CRISPR-Cas9-Mediated Genome Editing of Cassava

CRISPR-Cas9 has proved to be a powerful genome-editing tool for introducing genetic changes into crop species. However, it has not yet been used to edit cassava (Manihot esculenta). To test the capacity of CRISPR-Cas9  in cassava, Donald Danforth Plant Science Center researcher John Odipio and his team targeted the phytoene desaturase (MePDS) gene in two cultivars using constructs carrying gRNAs targeting MePDS. Modification of the MePDS gene generates visually-detectable mutated events in a relatively short time frame and does not require sequencing to confirm.

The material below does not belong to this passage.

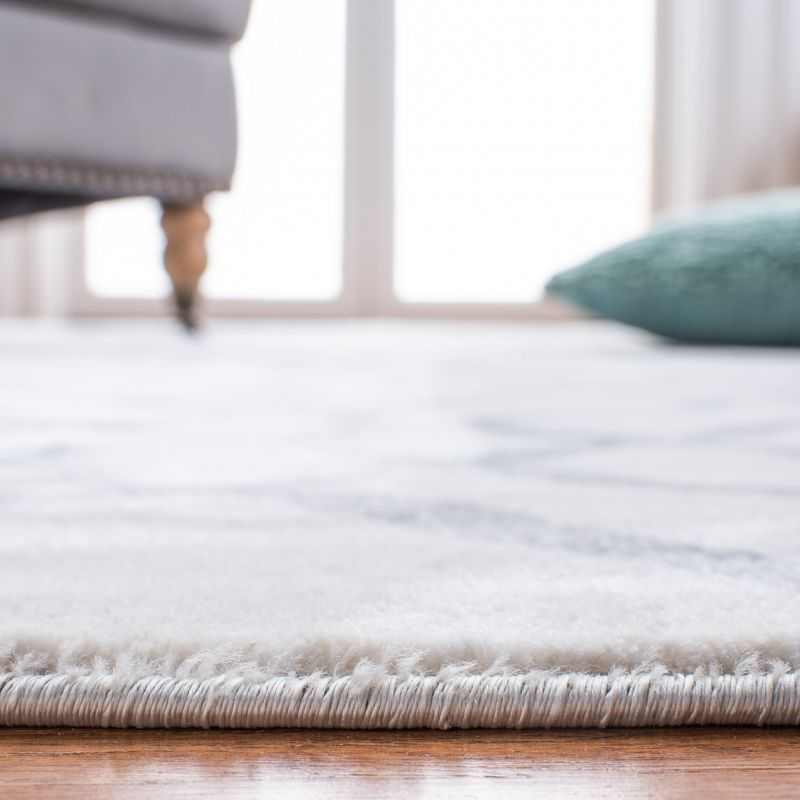 Martha Stewart Isabella - MSR0957 - Indoor Power Loomed Area Rugs - Ivory/Grey - 4'x6'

After Agrobacterium-mediated delivery of CRISPR-Cas9 reagents into cassava cells, both constructs induced visible albino phenotypes within cotyledon-stage somatic embryos and plants were regenerated from there.  A total of 38 lines, 19 from each cultivar, were analyzed for mutagenesis. The frequency of plant lines showing albino phenotype ranged from 90 to 100% for both cultivars. Sequence analysis revealed that all the lines examined carried mutations at the targeted MePDS site, with insertions, deletions, and substitutions recorded. The team observed minor nucleotide substitutions and or deletions upstream of the 5′ end or downstream of the 3′ targeted MePDS region.

The data reported in this study demonstrates that CRISPR-Cas9-mediated genome editing also applies to cassava, with high efficiency.

For more on this study, read the article in Frontiers in Plant Science.


 

This article is part of the Crop Biotech Update, a weekly summary of world developments in agri-biotech for developing countries, produced by the Global Knowledge Center on Crop Biotechnology, International Service for the Aquisition of Agri-Biotech Applications SEAsiaCenter (ISAAA)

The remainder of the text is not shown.